Grasslands may occur naturally or as a result of human activity. Hunting cultures around the world often set regular fires to maintain and extend grasslands and prevent fire-intolerant trees and shrubs from taking hold. The tallgrass prairies in the U.S. Midwest may have been extended eastward into Illinois, Indiana, and Ohio by human agency. Much grassland in northwest Europe developed after the Neolithic Period when people gradually cleared the forest to create areas for raising their livestock.

==== Climate change ====
Grasslands often occur in areas with annual precipitation is between 600 mm and 1500 mm and average mean annual temperatures ranges from −5 and 20 °C. However, some grasslands occur in colder (−20 °C) and hotter (30 °C) climatic conditions. Grassland can exist in habitats that are frequently disturbed by grazing or fire, as such disturbance prevents the encroachment of woody species. Species richness is particularly high in grasslands of low soil fertility such as serpentine barrens and calcareous grasslands, where woody encroachment is prevented as low nutrient levels in the soil may inhibit the growth of forest and shrub species. Another common predicament often experienced by the ill-fated grassland creatures is the constant burning of plants, fueled by oxygen and many expired photosynthesizing organisms, with the lack of rain pushing this problem to further heights. When not limited by other factors, increasing CO_{2} concentration in the air increases plant growth, similarly as water use efficiency, which is very important in drier regions. However, the advantages of elevated CO_{2} are limited by factors including water availability and available nutrients, particularly nitrogen. Thus effects of elevated CO_{2} on plant growth will vary with local climate patterns, species adaptations to water limitations, and nitrogen availability. Studies indicate that nutrient depletion may happen faster in drier regions, and with factors like plant community composition and grazing. Nitrogen deposition from air pollutants and increased mineralization from higher temperatures can increase plant productivity, but increases are often among a discount in biodiversity as faster-growing plants outcompete others. A study of a California grassland found that global change may speed reductions in diversity and forb species are most prone to this process.
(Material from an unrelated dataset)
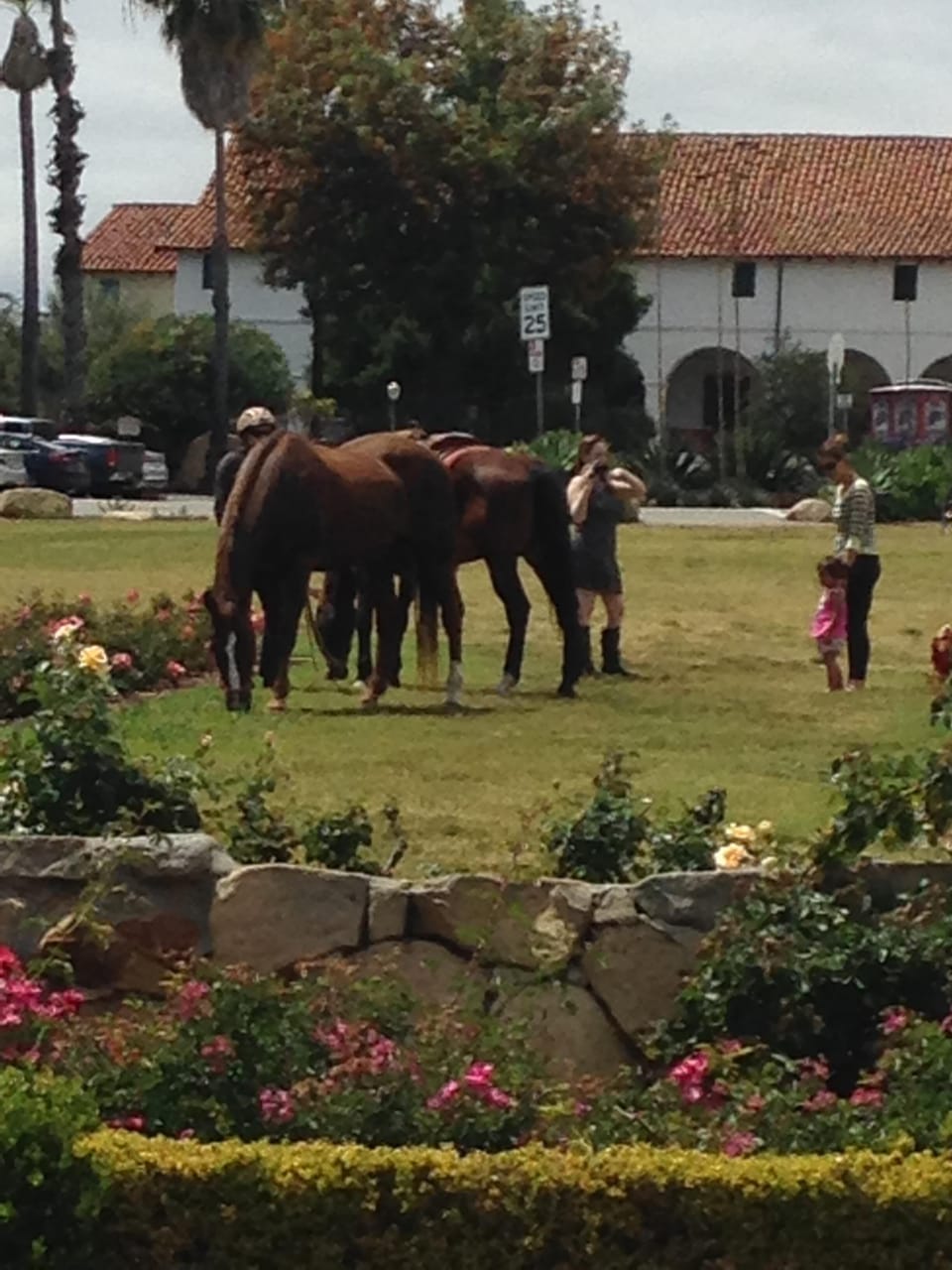 a fun sighting at the Mission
==== Afforestation or introduction of invasive species ====
Misguided afforestation efforts, for example as part of the global effort to increase carbon sequestration, can harm grasslands and their core ecosystem services. Forest-centric restoration efforts can create the risk of misreading and misclassifying of landscapes; grasslands have relatively little federal or international protection, and their misclassification as degraded forest has contributed to their status as the least protected biome. A map created by the World Resources Institute in collaboration with the IUCN identifies 2 billion hectares for potential forest restoration. It is criticised for including 900 million hectares of grasslands. It is expected that non-native grasses will continue to outperform native species under warmer and drier conditions that occur in many grasslands due to climate change.

==== Management ====
The type of land management used in grasslands can also lead to grassland loss or degradation. Many grasslands and other open ecosystems depend on disturbances such as wildfires, controlled burns or grazing to persist, although this subject is still controversial. A study in Brazilian Subtropical Highland Grasslands found that grasslands without traditional land management—which uses fire every two years and extensive cattle grazing—can disappear within 30 years. This study showed that grasslands inside protected areas, in which fire is not allowed and cattle grazing is banned, were quickly replaced by shrubs (shrub encroachment). Moreover, the absence of fire in grasslands can lead to an increase in the dominance of a few species and litter accumulation, resulting in a reduction in the number of herbaceous species and changes in herbaceous species composition.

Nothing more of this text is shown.